Ifon-Orolu: ‘Why our traditional ruling houses avoid palm wine, red cloths’

The history of Ifon-Orolu, Osun State, forbids members of the town to drink palm wine or wear red cloths. Obatala, the father of Olufon, drank and paid the price, hence the declaration that no Ifon-Orolu indigene must allow history to be repeated. TUNDE BUSARI reports these peculiarities.

In the entire landscape of Yorubaland, no other town can rival the ancient town of Ila Orangun in palm wine production.  It is served everywhere, a contrast to other towns where diluted palm wine is often the standard. It is said that the economy of Ila-Orangun is powered by revenue from palm wine, which is regarded as curative liquid against ailments like malaria fever.

On the contrary, in Ifon-Orolu, another ancient town in Osun State, palm wine is an abomination, which the ancestor of the town did not only frown on but outlawed outright.

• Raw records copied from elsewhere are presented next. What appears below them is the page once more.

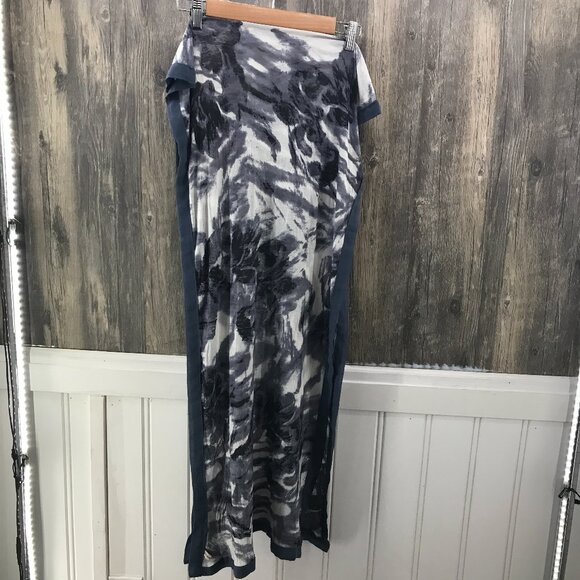 Kashkha gray and white long rectangular hijab scarf lightweight - Picture 1 of 4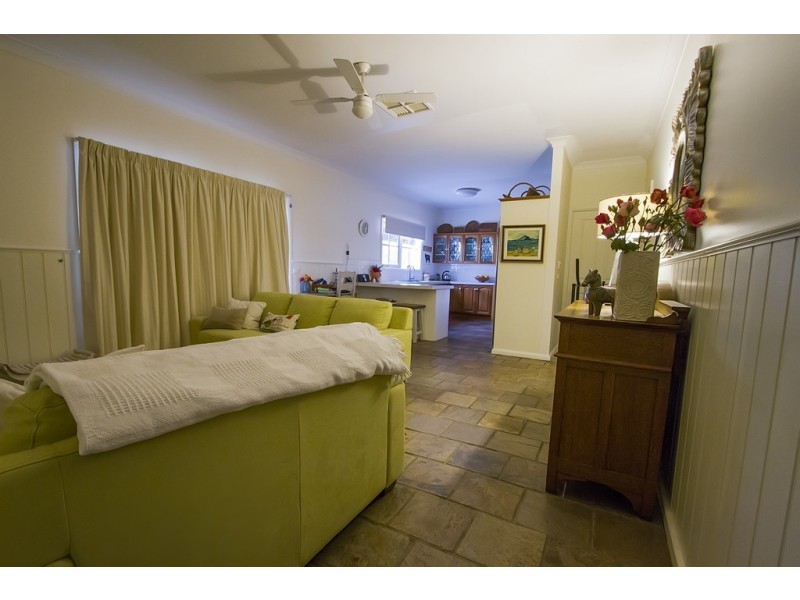 4 Ovens Terrace, Tarrawingee VIC 3678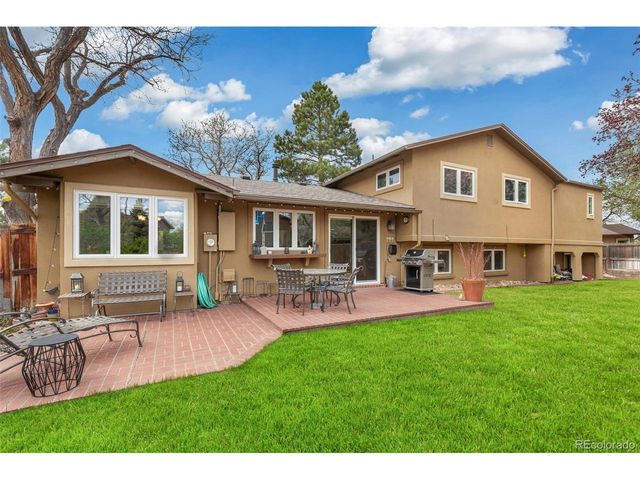 6330 S Newport Ct, Centennial, CO 80111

Clearing the air on the matter, the Olufon of Ifon-Orolu, Oba Almaroof Adekunle Magbagbeola, in confirming the claim, went down memory lane and offered historical perspectives to it. He said palm wine caused a major distraction for Obatala, the progenitor of Ifon-Orolu, on his way to the earth. It nearly earned him sanction from Olodumare who sent him.

He was said to have lost consciousness after consuming it and lost his track as well.  Oba Magbagbeola stated that Olodumare became impatient when Obatala did not return to give him report of his journey to the earth. He then sent Oduduwa, who was Obatala’s younger brother.

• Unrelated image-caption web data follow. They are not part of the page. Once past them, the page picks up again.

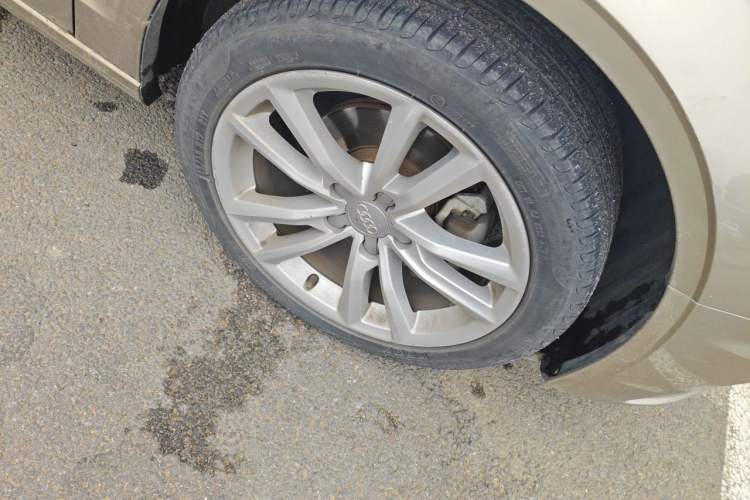 Used Audi A3 2014 Limousine 35 TFSI Automatic Comfort Model Right Front Wheel Hub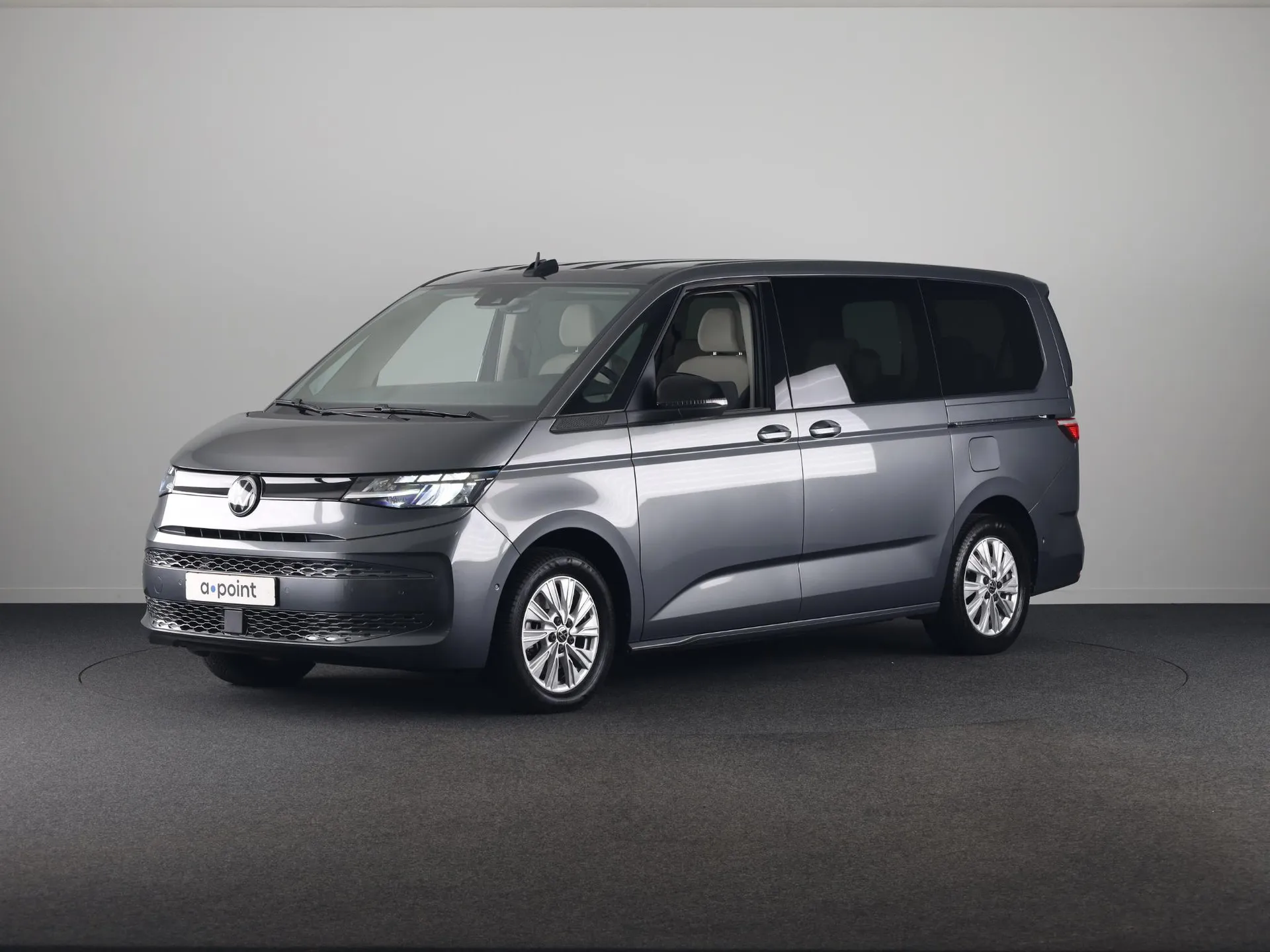 Volkswagen Multivan — foto 1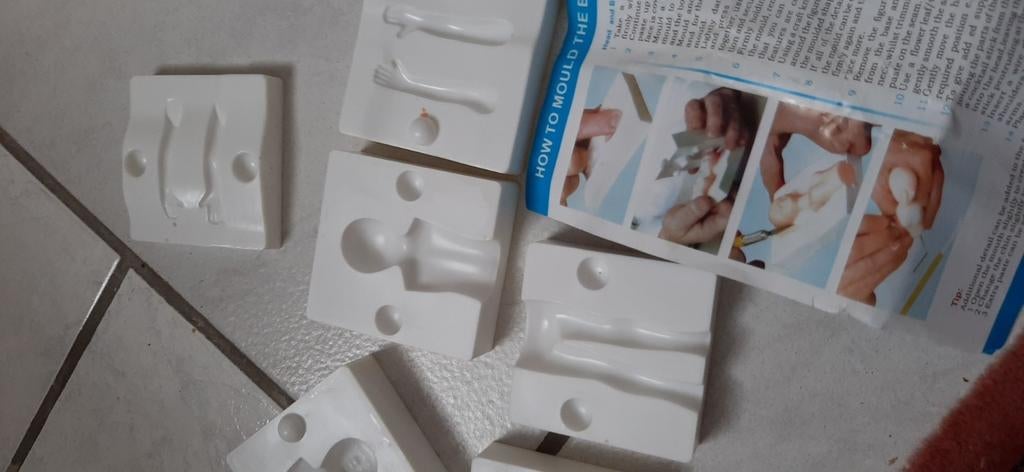 Mallen en uitsteekvormen, Ophalen of Verzenden, Zo goed als nieuw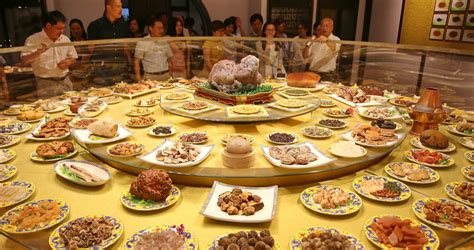 满汉全席上菜一般起码一百零八种，分三天吃完。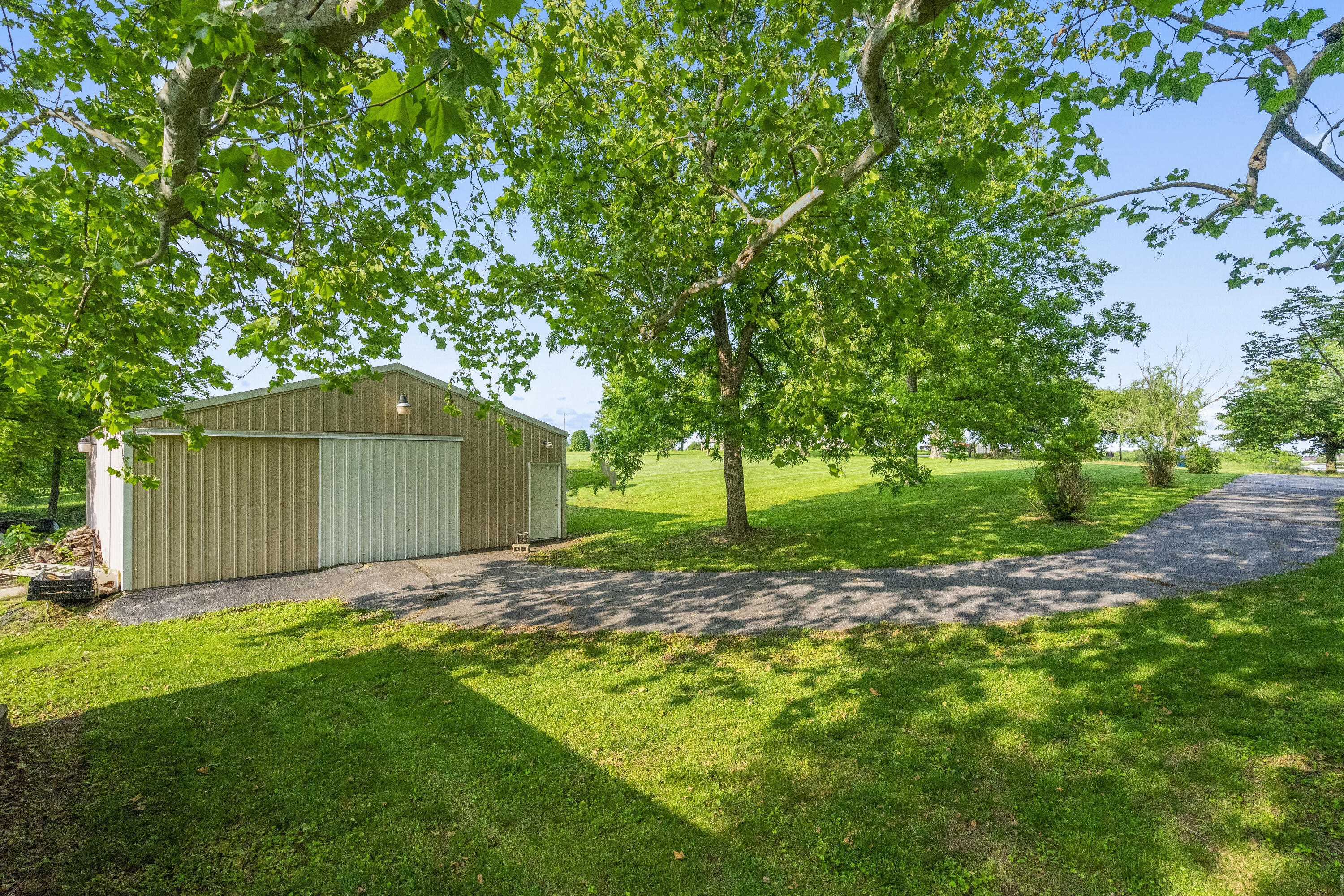 4159 North Farm Road 173 Property Photo 53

“That was the reason palm wine is forbidden for us and a taboo in Ifon. The rest of the story goes thus. Obatala’s instinct suddenly alerted him that God had sent his brother, Oduduwa, on the same mission. He quickly rose and continued his journey. He finally settled at Itapa in Ile-Ife. If you go to Ile-Ife, you will see Itapa and the evidence of this story,” he said.

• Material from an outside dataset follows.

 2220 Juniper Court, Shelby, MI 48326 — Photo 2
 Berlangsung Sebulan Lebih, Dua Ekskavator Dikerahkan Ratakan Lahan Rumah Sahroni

Aside from palm wine, Oba Magbagbeola also revealed that under no circumstance should a member of the five ruling houses-Oluyeyin, Olumoyero, Morounfolu, Orisagoyebo, Odunolu,- don red-coloured dresses.

Further findings, however, revealed that the law is fast sliding into extinction as some indigenes now dismiss it with a wave of the hand, saying the influence of modernity has submerged such belief. Yet, none of them wished to be quoted apparently for fear of any ‘spiritual’ repercussion. Though one of the respondents, who gave his name as Semiu, admitted that he was aware of the law, he said he was not sure of the compliance level of the people.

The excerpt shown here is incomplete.